İYİ BİR MODEL DEĞİLDİM
◊ İlk katıldığınız oyuncu seçmelerini hatırlıyor musunuz?
- Evet, bir reklam filmiydi ve daha 7 yaşındaydım. Ama seçmeler gerçekleşmeden oyuncuyu seçmişlerdi.
◊ Sonra nasıl bir yol izlediniz? Nasıl karar verdiniz oyuncu olmaya?
- Karar verme anı diye bir şey yaşamadım. 8 yaşıma kadar Rhode Island’da yaşadık. İlk reklam filmimi orada çektim. Aynı zamanda modellik ajansına kayıtlıydım.
Sonra Virgin Island’a taşındık. Bir yıl orada yaşadık, oradan da Güney Carolina’ya geçtik. Carolina’da sırf eğlence olsun diye modelliğe yeniden başladım, tekrar ajansa yazıldım.

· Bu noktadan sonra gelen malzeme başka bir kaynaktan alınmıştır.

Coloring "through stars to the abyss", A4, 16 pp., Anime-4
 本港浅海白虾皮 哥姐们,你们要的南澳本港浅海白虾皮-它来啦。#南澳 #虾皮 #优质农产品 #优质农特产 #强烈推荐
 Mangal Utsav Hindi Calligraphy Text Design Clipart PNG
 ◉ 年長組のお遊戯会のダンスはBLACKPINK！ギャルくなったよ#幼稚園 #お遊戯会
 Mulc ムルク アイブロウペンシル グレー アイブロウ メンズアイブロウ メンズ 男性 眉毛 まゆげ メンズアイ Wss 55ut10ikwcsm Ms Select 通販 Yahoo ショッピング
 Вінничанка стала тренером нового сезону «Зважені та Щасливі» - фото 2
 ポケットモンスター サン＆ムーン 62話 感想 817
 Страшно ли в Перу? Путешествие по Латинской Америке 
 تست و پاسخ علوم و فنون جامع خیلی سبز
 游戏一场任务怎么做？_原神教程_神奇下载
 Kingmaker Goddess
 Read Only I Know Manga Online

Sonra Los Angeles’tan iş teklifi geldi, kabul ettim. Los Angeles’a gelir gelmez bir reklam filmi daha çektim. Kartopu gibi kendi kendine büyüdü, çığ oldu biraz.
◊ Modellik yapmayı seviyor muydunuz?
- Bence iyi bir model değildim. Bir kere boyum kısaydı. Los Angeles’ta liseye başladım, lisedeyken filmlerde oynamak için oyuncu seçmelerine gitmeye başladım.
Lise sonrası “American Pie” geldi, ardından “American Beauty”... Ben de üniversiteye gitmeden oyunculuğa devam etmeye karar verdim.
SÖYLEDİKLERİM TAMAMEN YANLIŞ AKTARILDI
◊ Son sorum olsun... Mena Suvari’yi Hollywood’da en çok şaşırtan ne oldu?
- Az önce dediğim gibi liseden sonra hemen “American Pie”ı yaptım. Doğal olarak filmin tanıtımı için röportajlar verdim. Bir dergide söylediklerim tamamen yanlış aktarıldı. Böyle bir durumla karşılaştığımda ne yapmam gerektiği hakkında da hiçbir fikrim yoktu. Rhode Island’da yaşarken okuduğum her şeyin gerçek olduğunu zannederdim, öyle değilmiş. İlk önemli işimde böyle bir sıkıntıyla karşılaşmak beni çok etkilemişti. Ama her şey bu maceranın bir parçasıymış.